▶ **Exercise**:
The line containing "Additional image 21" marks the start; repeat it and every following line exactly through the end of the entries.
---------- Recorded information
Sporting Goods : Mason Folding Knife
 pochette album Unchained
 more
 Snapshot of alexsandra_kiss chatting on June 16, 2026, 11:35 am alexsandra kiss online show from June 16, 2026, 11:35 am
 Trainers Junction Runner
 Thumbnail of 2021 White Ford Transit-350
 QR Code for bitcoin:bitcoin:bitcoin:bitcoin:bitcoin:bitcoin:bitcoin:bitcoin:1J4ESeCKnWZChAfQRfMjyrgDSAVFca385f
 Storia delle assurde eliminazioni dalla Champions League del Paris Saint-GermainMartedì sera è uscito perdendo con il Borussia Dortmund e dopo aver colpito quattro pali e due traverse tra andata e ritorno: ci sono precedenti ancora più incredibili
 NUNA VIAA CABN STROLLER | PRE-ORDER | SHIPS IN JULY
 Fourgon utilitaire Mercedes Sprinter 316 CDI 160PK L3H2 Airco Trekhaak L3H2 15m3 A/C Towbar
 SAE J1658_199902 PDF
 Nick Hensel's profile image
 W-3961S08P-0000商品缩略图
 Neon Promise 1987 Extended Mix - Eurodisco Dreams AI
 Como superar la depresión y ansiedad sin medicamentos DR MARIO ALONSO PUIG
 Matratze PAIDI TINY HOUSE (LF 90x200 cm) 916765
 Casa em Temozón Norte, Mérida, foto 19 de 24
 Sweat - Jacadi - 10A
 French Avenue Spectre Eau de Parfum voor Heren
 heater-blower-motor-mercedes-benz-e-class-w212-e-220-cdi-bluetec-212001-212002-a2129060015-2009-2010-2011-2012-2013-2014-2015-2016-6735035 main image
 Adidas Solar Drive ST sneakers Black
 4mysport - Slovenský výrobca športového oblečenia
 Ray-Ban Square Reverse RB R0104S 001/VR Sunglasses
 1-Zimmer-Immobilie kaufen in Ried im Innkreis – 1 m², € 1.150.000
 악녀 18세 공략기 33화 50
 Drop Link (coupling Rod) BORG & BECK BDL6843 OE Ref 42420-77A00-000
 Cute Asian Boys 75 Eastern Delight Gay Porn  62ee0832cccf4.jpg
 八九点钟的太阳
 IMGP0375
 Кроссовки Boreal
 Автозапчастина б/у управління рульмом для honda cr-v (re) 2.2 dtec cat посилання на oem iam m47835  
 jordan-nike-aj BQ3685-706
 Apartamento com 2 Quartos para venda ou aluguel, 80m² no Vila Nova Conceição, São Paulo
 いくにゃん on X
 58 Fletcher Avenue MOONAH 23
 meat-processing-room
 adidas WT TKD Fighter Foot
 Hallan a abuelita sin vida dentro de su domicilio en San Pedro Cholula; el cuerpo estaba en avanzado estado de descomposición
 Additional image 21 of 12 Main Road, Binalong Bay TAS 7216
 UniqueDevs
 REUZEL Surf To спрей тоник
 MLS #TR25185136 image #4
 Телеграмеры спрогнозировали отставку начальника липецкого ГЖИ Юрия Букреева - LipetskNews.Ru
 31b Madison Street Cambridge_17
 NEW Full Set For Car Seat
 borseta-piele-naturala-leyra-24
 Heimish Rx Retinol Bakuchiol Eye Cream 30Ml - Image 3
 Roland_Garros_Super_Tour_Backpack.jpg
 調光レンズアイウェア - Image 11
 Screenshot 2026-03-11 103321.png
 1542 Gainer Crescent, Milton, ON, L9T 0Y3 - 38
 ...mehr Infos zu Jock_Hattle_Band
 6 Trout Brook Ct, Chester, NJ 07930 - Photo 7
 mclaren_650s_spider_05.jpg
--------------------
▶ **Response below**:
 Additional image 21 of 12 Main Road, Binalong Bay TAS 7216
 UniqueDevs
 REUZEL Surf To спрей тоник
 MLS #TR25185136 image #4
 Телеграмеры спрогнозировали отставку начальника липецкого ГЖИ Юрия Букреева - LipetskNews.Ru
 31b Madison Street Cambridge_17
 NEW Full Set For Car Seat
 borseta-piele-naturala-leyra-24
 Heimish Rx Retinol Bakuchiol Eye Cream 30Ml - Image 3
 Roland_Garros_Super_Tour_Backpack.jpg
 調光レンズアイウェア - Image 11
 Screenshot 2026-03-11 103321.png
 1542 Gainer Crescent, Milton, ON, L9T 0Y3 - 38
 ...mehr Infos zu Jock_Hattle_Band
 6 Trout Brook Ct, Chester, NJ 07930 - Photo 7
 mclaren_650s_spider_05.jpg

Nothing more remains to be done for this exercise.